A feeling of deprivation occurs when you perceive something has been taken away or withheld from you, usually unfairly.
Relative refers to comparison. This means your perceptions come about as a result of comparing your current situation to another situation you believe is better, and that you deserve. This situation then becomes your standard for comparison.
Relative Deprivation Leads to Dissatisfaction
Consider the following example: Mobile phones are common today and most people feel they deserve one. Hence an individual unable to afford one might feel deprived. Fifty years ago, when there were no mobile phones, such a sentiment would not exist.
An example from the church realm: Moving a Sunday School Class to what is perceived as a less desirable room will create feelings of relative deprivation among members who feel their current room falls short in comparison to their previous room.
These feelings and perceptions are usually counterproductive, especially to effectively implementing change. They frequently lead to high levels of dissatisfaction, distrust, criticism, low morale, and sometimes open rebellion.
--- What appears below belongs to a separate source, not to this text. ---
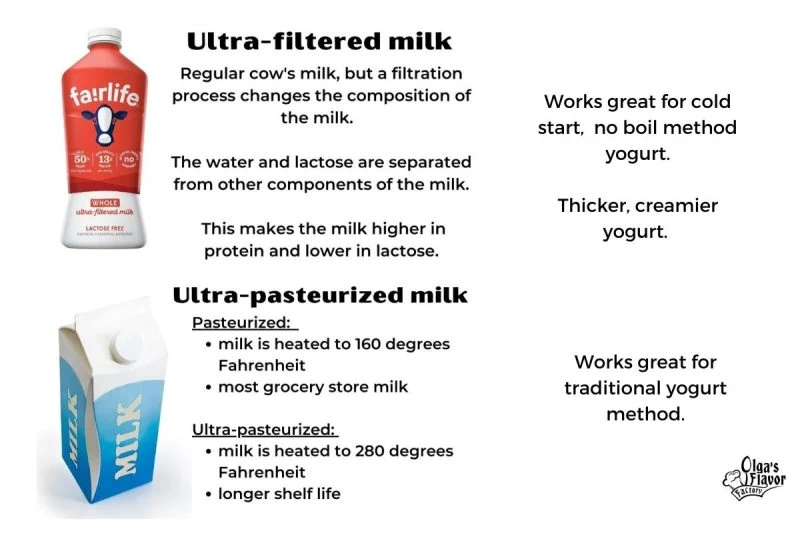 What kind of milk to use for homemade yogurt. Ultrafiltered vs regular whole milk.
Three Situations That Cause Relative Deprivation
In one of the first formal definitions of relative deprivation, Walter Runciman in his book, Relative Deprivation and Social Justice, noted there are at least three preconditions of relative deprivation (of object X by person A):
1. Person A does not have X
2. Person A knows of other persons that have X
3. Person A wants to have X
Put in other terms, feelings of relative deprivation arise as a result of comparing your current situation to three different kinds of standards:
1. What you wanted
2. What you had
3. What others have
What You Wanted. This is the situation when you find you haven’t received or achieved what you wanted, expected or feel you deserved.
For example, when a church member’s goal is to be a deacon, yet after a reasonable length of time is not selected, a feeling of relative deprivation arises because he has not achieved what he wanted to achieve – the position of deacon.
What You Had. This is the situation when you compare your current situation to what you had in the past and find it lacking in comparison.
For example, when a worship guest comes from a church that offers a contemporary worship service yet finds only a traditional style of worship at your church, they experience relative deprivation because they feel your church offers less than their standard – a contemporary worship experience.
What Others Have. This is the situation when you compare what you have to what others have and find that they have more than you do.
For example, if your church doesn’t offer a Children’s Worship Service and a member visits a church that provides one, the next Sunday they experience feelings of relative deprivation when they are required to have their child sit with them in worship.
A Strategy For Coping With Relative Deprivation
Feelings of relative deprivation are a part of church life, particularly when leaders initiate change. In fact, most decisions by church leaders will result in relative deprivation for someone.
Therefore, you should anticipate the inevitability and impact of relative deprivation upon people each time you initiate change. And, if you anticipate strong feelings of relative deprivation it’s a good idea to have a strategy for dealing with them.
The best strategy usually involves clearly communicating the reasons for the action and trying to favorably frame the situation.
Communicate The Reasons: People want to know “the why” behind the action, decision or situation that is creating relative deprivation. Make certain you have a strong rationale, including a sound theology and philosophy for a particular methodology and communicate it in as many ways as possible.
Favorably Frame The Situation: People will naturally negatively frame a situation where they feel relative deprivation unless you provide an alternate view. Sharing unobserved, immediate and long term benefits are effective ways to present a positive perspective on a given situation.
When church leaders observe feelings of relative deprivation in their staff and membership they should provide as much information as possible to help the affected individuals put their standards and situations into a proper perspective.
And for those with the courage to confront it, the ultimate and biblical perspective on relative deprivation may be best captured in the opening sentence of Rick Warren’s classic book, The Purpose Driven Life……“it’s not about you!”